Adds, muls on my superscalar processor - part 2
The question
Since the findings in my previous post left me with more questions, I wanted try and get deeper into one of them in this post:
Why is Add3 faster than Add2?
These were the timing results:
Benchmark Time CPU Iterations
-----------------------------------------------------
BM_Add 56002369 ns 55988747 ns 13
BM_Add2 174727175 ns 174686940 ns 4
BM_Add3 137654951 ns 137638465 ns 5
For Add3
, in Compiler Explorer, you can see the instructions for adding up 1 billion ints, into 3 separate variables here:
There are 3 sections after label .L3
, for the actual accumulations in the loop. And Add2
is similar with 2 such sections for its 2 variables.
Yet, Add3
is faster that Add2
. So, I had to find out why.
Matching compiler flags
To avoid any discrepancies, one thing I should really do is replicate my benchmark project's compiler flags into Compiler Explorer. The project is a CMake project created through CLion, and I have a Debug and Release build configuration. The Release configuration is what I use to get the benchmark timings.
To see my compiler flags, I've enabled verbose makefile in cmake:
set(CMAKE_VERBOSE_MAKEFILE ON)
I've to ensure that Unix Makefiles
are generated for builds (not Ninja, or something else).

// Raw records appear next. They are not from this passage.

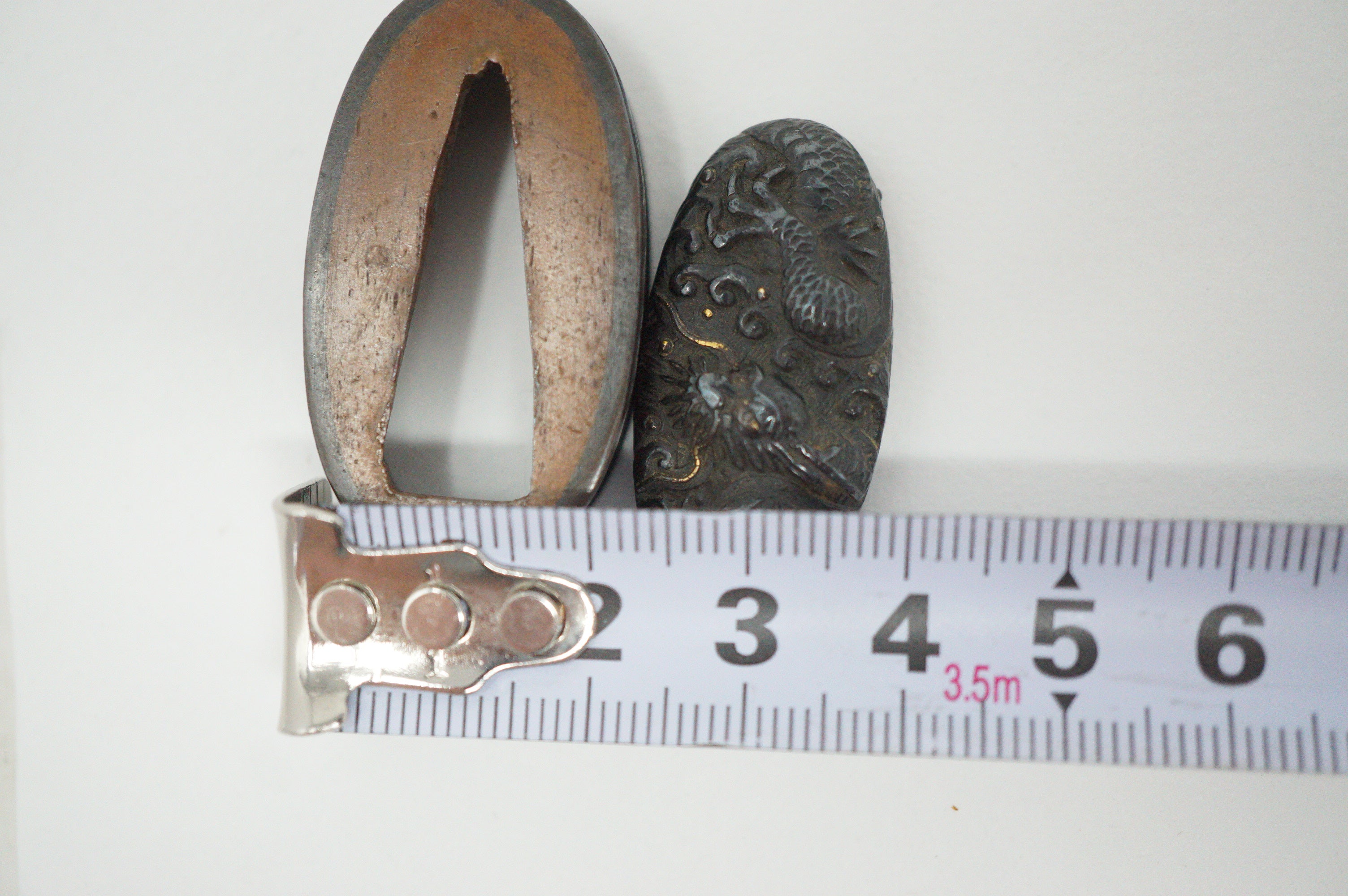 Japanese Kashira & Fuchi Sword Parts Set with Dragon Design 0706D5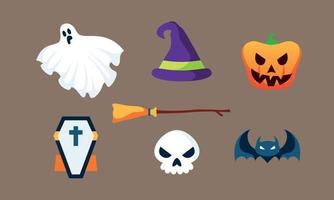 Flat halloween element collection background vector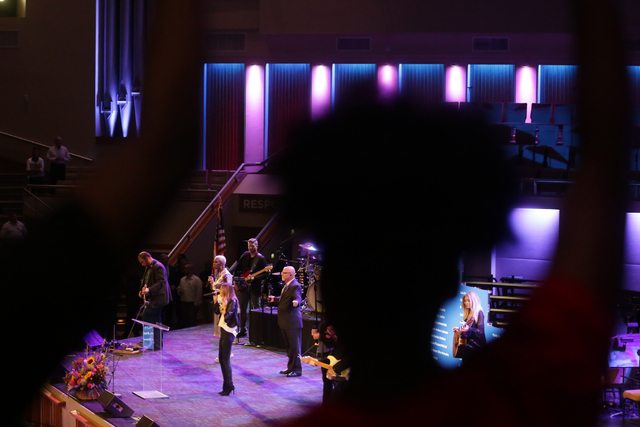 The praise team leads a service to honor victims of the Orlando nightclub shooting at the First Baptist Orlando Church in Orlando, Florida on Tuesday, June 14, 2016. (Rachel Aston/Las Vegas Review ...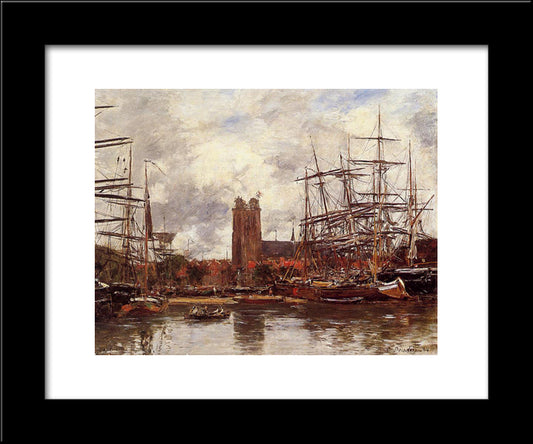 A French Port 20x24 Black Modern Wood Framed Art Print Poster by Boudin, Eugene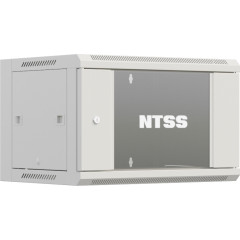 Шкаф коммутационный NTSS Премиум (NTSS-W6U6045GS-2) настенный 6U 600x450мм пер.дв.стекл 60кг серый 365мм 16кг 220град. 370мм IP20 сталь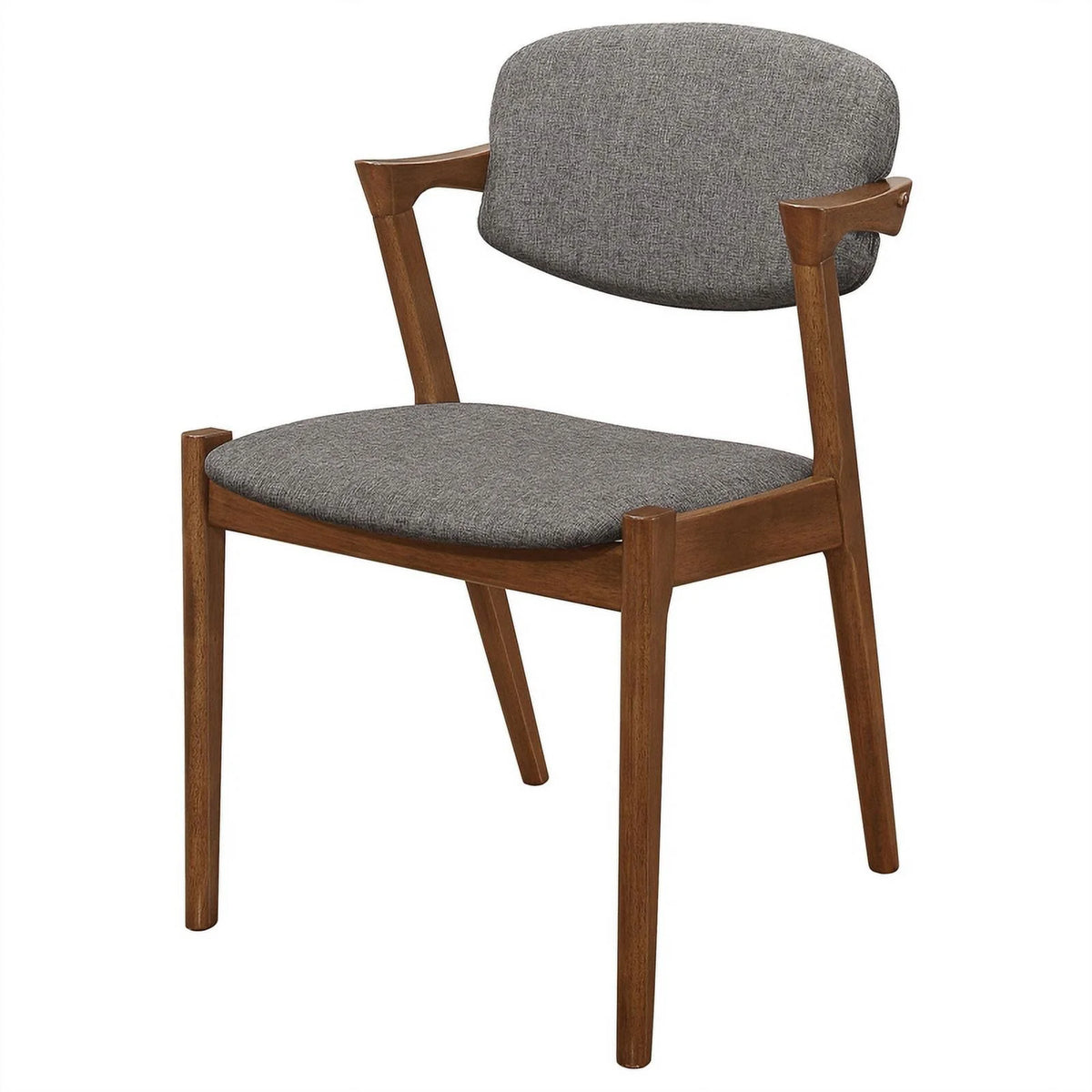 Grey Dark Walnut Dining Side Chairs Set of 2 Q8788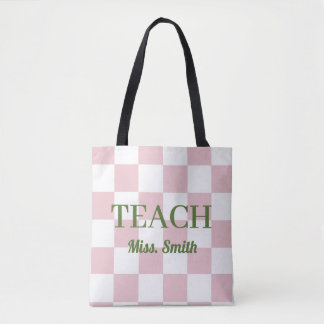 Aanpasbare naam Teach Tote Schattig Roze Geruit Bag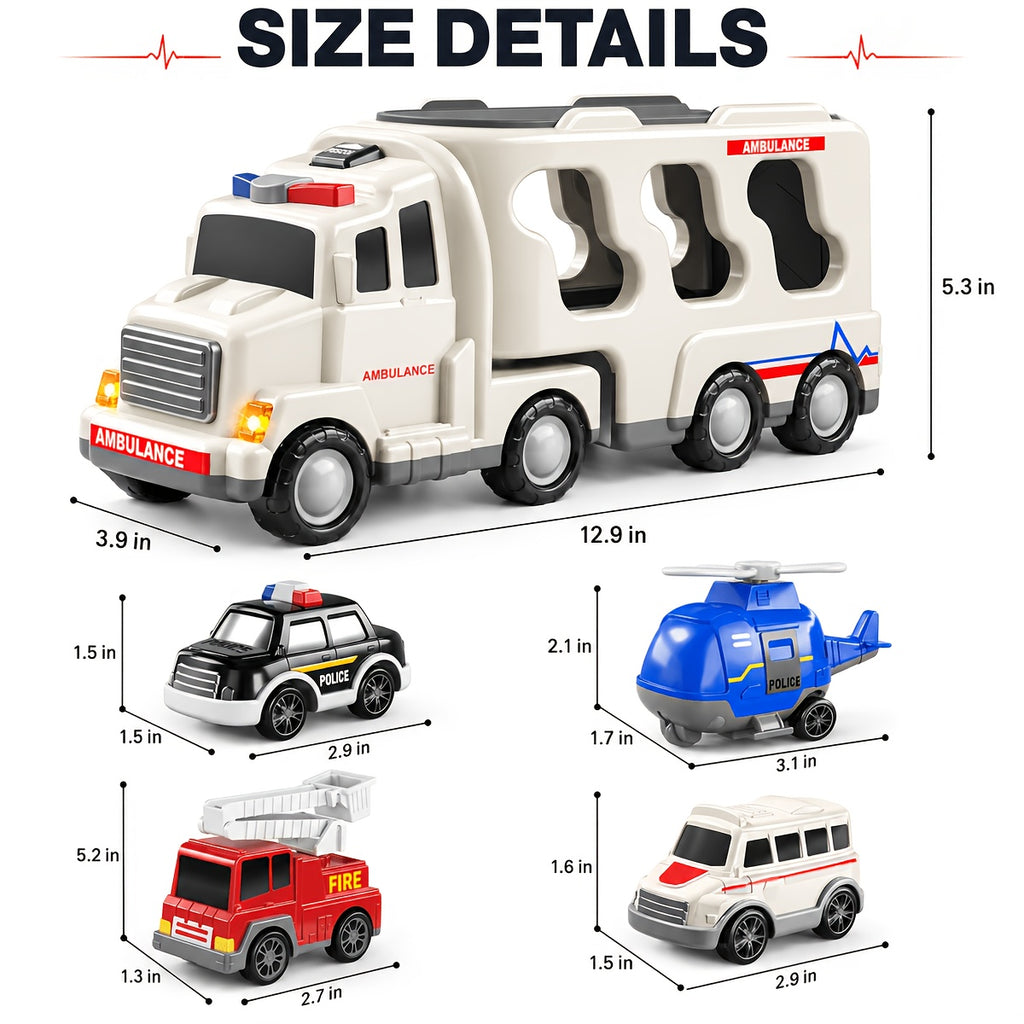 5-in-1 Emergency Vehicle Toy Set with Lights & Sounds – Friction Power Ambulance, Police Car, Fire Truck & Rescue Helicopter for Kids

Then upon build, I can see the full command-line like so:
/usr/bin/c++ -DBENCHMARK_STATIC_DEFINE -I/home/nolan-veed/nolan-veed/benchmarks/cmake-build-release/_deps/benchmark-src/include -O3 -DNDEBUG -std=gnu++23 -fdiagnostics-color=always -MD -MT CMakeFiles/benchmarks.dir/test_superscalar.cpp.o -MF CMakeFiles/benchmarks.dir/test_superscalar.cpp.o.d -o CMakeFiles/benchmarks.dir/test_superscalar.cpp.o -c /home/nolan-veed/nolan-veed/benchmarks/test_superscalar.cpp
The main bits that could generate different machine code are, which is optimisation, non-debug preprocessor macro and C++ standard selection:
-O3 -DNDEBUG -std=gnu++23
But, when I put some of these flags into Compiler Explorer I don't get any output. It looks lik this is because the function is actually optimised out as there are no callers to it. We need a way to use those variables, so I'll just print it like this:
Aha! It's not as simple as we saw earlier. In "release" mode, the code generated is using vector instructions (more specifically, SSE2). For example, the paddd
is a the packed addition. The xmm registers are 128-bits wide, so can contain 4 ints and add them simultaneously. Only 250 million iterations are done instead of 1 billion.
That was Add3
, what about Add2
and Add
:


Look closely at the cmp
instruction!
Findings
Each loop iteration is essentially between the label .Lxxx
to the instruction jne .Lxxx
.
- The number of iterations in
Add3
are less than those ofAdd2
.- The
cmp eax, 250000000
inAdd3
is iterating half the number of times compared to thecmp eax, 500000000
inAdd2
Add3
is likely to be faster thanAdd2
because of this.
- The
- The number of iterations in
Add3
are the same as those ofAdd
.Add3
is likely to be slower thanAdd
because of more additions.
The actual instructions are emitted by the compiler are awesome. We'll need to refer to them manuals for them. May be another day.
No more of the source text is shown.